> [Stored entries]

+===+

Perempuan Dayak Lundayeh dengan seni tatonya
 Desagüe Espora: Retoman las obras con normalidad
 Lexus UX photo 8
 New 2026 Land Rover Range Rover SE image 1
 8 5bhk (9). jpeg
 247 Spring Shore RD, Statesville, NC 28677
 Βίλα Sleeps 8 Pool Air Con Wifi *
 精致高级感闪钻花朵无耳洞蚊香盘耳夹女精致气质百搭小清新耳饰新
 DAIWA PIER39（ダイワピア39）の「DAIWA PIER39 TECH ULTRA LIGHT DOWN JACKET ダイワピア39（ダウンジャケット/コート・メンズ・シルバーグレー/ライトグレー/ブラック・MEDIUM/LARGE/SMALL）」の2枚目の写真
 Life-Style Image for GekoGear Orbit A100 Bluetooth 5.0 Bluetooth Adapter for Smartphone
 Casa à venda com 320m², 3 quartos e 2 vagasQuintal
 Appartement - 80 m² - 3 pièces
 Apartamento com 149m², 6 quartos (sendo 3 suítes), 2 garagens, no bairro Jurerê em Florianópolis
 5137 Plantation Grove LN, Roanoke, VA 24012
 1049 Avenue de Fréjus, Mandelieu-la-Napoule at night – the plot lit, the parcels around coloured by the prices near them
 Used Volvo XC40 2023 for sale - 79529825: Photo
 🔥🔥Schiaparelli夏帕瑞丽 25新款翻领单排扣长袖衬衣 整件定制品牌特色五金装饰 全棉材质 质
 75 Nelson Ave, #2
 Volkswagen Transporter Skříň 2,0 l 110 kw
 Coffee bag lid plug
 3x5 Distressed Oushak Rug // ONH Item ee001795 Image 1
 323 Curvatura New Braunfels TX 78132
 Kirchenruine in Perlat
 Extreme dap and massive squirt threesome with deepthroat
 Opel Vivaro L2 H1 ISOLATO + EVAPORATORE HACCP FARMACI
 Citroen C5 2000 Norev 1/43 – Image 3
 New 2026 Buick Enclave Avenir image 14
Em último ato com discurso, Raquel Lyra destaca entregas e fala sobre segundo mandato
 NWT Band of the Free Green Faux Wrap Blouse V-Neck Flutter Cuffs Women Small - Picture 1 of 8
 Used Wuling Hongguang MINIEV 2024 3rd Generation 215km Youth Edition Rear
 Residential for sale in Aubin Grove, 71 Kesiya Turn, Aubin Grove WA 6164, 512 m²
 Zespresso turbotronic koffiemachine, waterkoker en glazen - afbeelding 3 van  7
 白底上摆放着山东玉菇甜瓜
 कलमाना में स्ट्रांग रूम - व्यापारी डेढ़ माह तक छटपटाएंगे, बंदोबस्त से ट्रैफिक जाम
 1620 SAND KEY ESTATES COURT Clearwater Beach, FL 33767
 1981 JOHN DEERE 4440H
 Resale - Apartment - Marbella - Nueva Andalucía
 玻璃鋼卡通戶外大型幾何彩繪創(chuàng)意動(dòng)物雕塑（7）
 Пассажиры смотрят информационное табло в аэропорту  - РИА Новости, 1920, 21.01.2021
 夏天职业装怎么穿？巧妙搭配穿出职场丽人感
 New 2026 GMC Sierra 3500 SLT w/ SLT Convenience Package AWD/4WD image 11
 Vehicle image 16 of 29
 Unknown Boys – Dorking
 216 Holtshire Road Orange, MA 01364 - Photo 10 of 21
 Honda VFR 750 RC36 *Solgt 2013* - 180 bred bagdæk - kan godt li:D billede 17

+===+

> [DESCRIPTION OF THE TASK] Please make an exact copy of the entries, down to the last character.

> [EXERCISE RESULT]
Perempuan Dayak Lundayeh dengan seni tatonya
 Desagüe Espora: Retoman las obras con normalidad
 Lexus UX photo 8
 New 2026 Land Rover Range Rover SE image 1
 8 5bhk (9). jpeg
 247 Spring Shore RD, Statesville, NC 28677
 Βίλα Sleeps 8 Pool Air Con Wifi *
 精致高级感闪钻花朵无耳洞蚊香盘耳夹女精致气质百搭小清新耳饰新
 DAIWA PIER39（ダイワピア39）の「DAIWA PIER39 TECH ULTRA LIGHT DOWN JACKET ダイワピア39（ダウンジャケット/コート・メンズ・シルバーグレー/ライトグレー/ブラック・MEDIUM/LARGE/SMALL）」の2枚目の写真
 Life-Style Image for GekoGear Orbit A100 Bluetooth 5.0 Bluetooth Adapter for Smartphone
 Casa à venda com 320m², 3 quartos e 2 vagasQuintal
 Appartement - 80 m² - 3 pièces
 Apartamento com 149m², 6 quartos (sendo 3 suítes), 2 garagens, no bairro Jurerê em Florianópolis
 5137 Plantation Grove LN, Roanoke, VA 24012
 1049 Avenue de Fréjus, Mandelieu-la-Napoule at night – the plot lit, the parcels around coloured by the prices near them
 Used Volvo XC40 2023 for sale - 79529825: Photo
 🔥🔥Schiaparelli夏帕瑞丽 25新款翻领单排扣长袖衬衣 整件定制品牌特色五金装饰 全棉材质 质
 75 Nelson Ave, #2
 Volkswagen Transporter Skříň 2,0 l 110 kw
 Coffee bag lid plug
 3x5 Distressed Oushak Rug // ONH Item ee001795 Image 1
 323 Curvatura New Braunfels TX 78132
 Kirchenruine in Perlat
 Extreme dap and massive squirt threesome with deepthroat
 Opel Vivaro L2 H1 ISOLATO + EVAPORATORE HACCP FARMACI
 Citroen C5 2000 Norev 1/43 – Image 3
 New 2026 Buick Enclave Avenir image 14
Em último ato com discurso, Raquel Lyra destaca entregas e fala sobre segundo mandato
 NWT Band of the Free Green Faux Wrap Blouse V-Neck Flutter Cuffs Women Small - Picture 1 of 8
 Used Wuling Hongguang MINIEV 2024 3rd Generation 215km Youth Edition Rear
 Residential for sale in Aubin Grove, 71 Kesiya Turn, Aubin Grove WA 6164, 512 m²
 Zespresso turbotronic koffiemachine, waterkoker en glazen - afbeelding 3 van  7
 白底上摆放着山东玉菇甜瓜
 कलमाना में स्ट्रांग रूम - व्यापारी डेढ़ माह तक छटपटाएंगे, बंदोबस्त से ट्रैफिक जाम
 1620 SAND KEY ESTATES COURT Clearwater Beach, FL 33767
 1981 JOHN DEERE 4440H
 Resale - Apartment - Marbella - Nueva Andalucía
 玻璃鋼卡通戶外大型幾何彩繪創(chuàng)意動(dòng)物雕塑（7）
 Пассажиры смотрят информационное табло в аэропорту  - РИА Новости, 1920, 21.01.2021
 夏天职业装怎么穿？巧妙搭配穿出职场丽人感
 New 2026 GMC Sierra 3500 SLT w/ SLT Convenience Package AWD/4WD image 11
 Vehicle image 16 of 29
 Unknown Boys – Dorking
 216 Holtshire Road Orange, MA 01364 - Photo 10 of 21
 Honda VFR 750 RC36 *Solgt 2013* - 180 bred bagdæk - kan godt li:D billede 17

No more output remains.